As for being one of four lottery picks, he added, "It shows our team was special, that it was unlike any other." 

And so this has become the desired yet ironic, perhaps mildly twisted legacy of Calipari. He has a national championship. This September, he'll be inducted into the Naismith Hall of Fame. But for the marketing major (of course) from Clarion State, the legacy is in the players recruited, the talent assembled, the Big Sell, is what he is and always will be known for.

That man made pros. That's what his headstone could read. If not that, the classic Cal go-to, "It's about those kids."

And though it's unfair, the titles that didn't come will be a sticking point as much as the ones that did. His career's not over, and more championships could be on the way, but Calipari's already reached six Final Fours (two vacated) and nights like Thursday emphasize to some just how crazy it is that you could make way for 25 NBA players in six years and have one national championship to show for it. 

The big win lies in the perpetual nature of college basketball and its semi-pro outlier of a program. Kentucky is not a program, it is not a machine, it is a factory for fostering talent.

Words this week from Jamal Murray, the most recent five-star recruit to pledge to Cal: "After I looked at the history of Kentucky and the players they've had get to the next level, it made me want to go there even more."

This is basically what it comes down to. Consider that 2015 was a down year for Cal on the recruiting trail. He missed out on many five-star guys. Yet Murray's commitment put Kentucky, once again, at the top of the rankings.

"It was about this draft," Cal said of his latest incoming class on Thursday night. "Like, as you look at these players, understand how they've been coached and what they've been trained as. There's not, 'This is who you are; you do these things.' We were teaching them how to play basketball."

The pitches never end. Now Calipari wants to provide half of the NBA's All-Stars, and you'd be a fool not to believe he can do it. He wanted to go 40-0, an unthinkable feat in the modern era, and came two wins away from just that. Only this coach could receive so much criticism for a philosophy of shared playing time that helped a team go 38-1.

Lyles' response on Thursday night to the platoon and success of Kentucky this past year: “Uh, four lottery picks.”

And what does four lottery picks say to you, Devin Booker?
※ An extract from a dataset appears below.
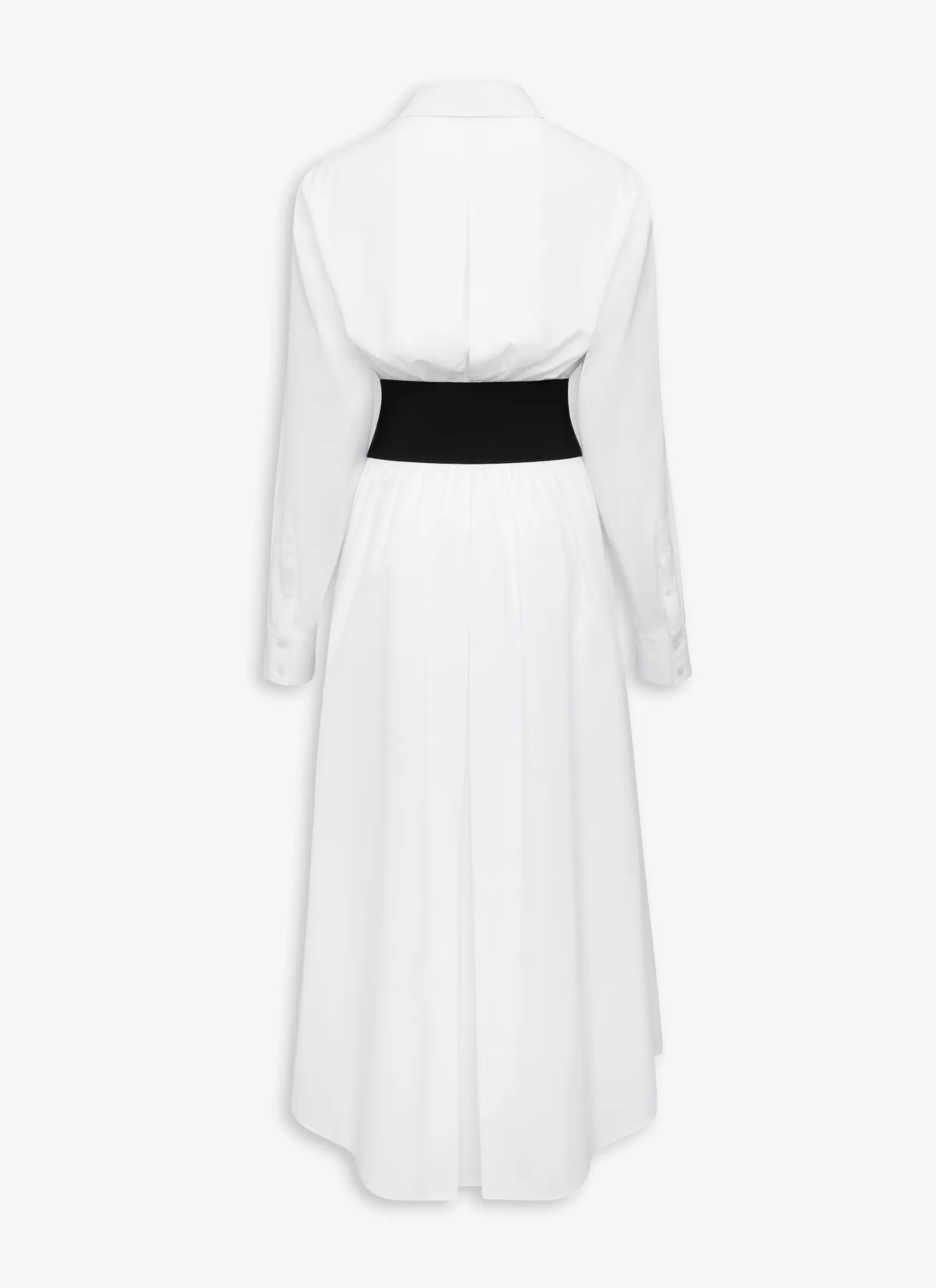 Alaïa BELTED SHIRT DRESS IN COTTON POPLIN White Clearance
"Talented team, and Cal's great."

Praise be.

As Booker was saying this to assembled media, his former coach had already left the green room. With his lottery quartet off to new homes, his smiles and work for the media and the cameras was done. At least for the rest of this night. Another June, another personal championship achieved for the most revolutionary and culture-changing coach college hoops has ever seen.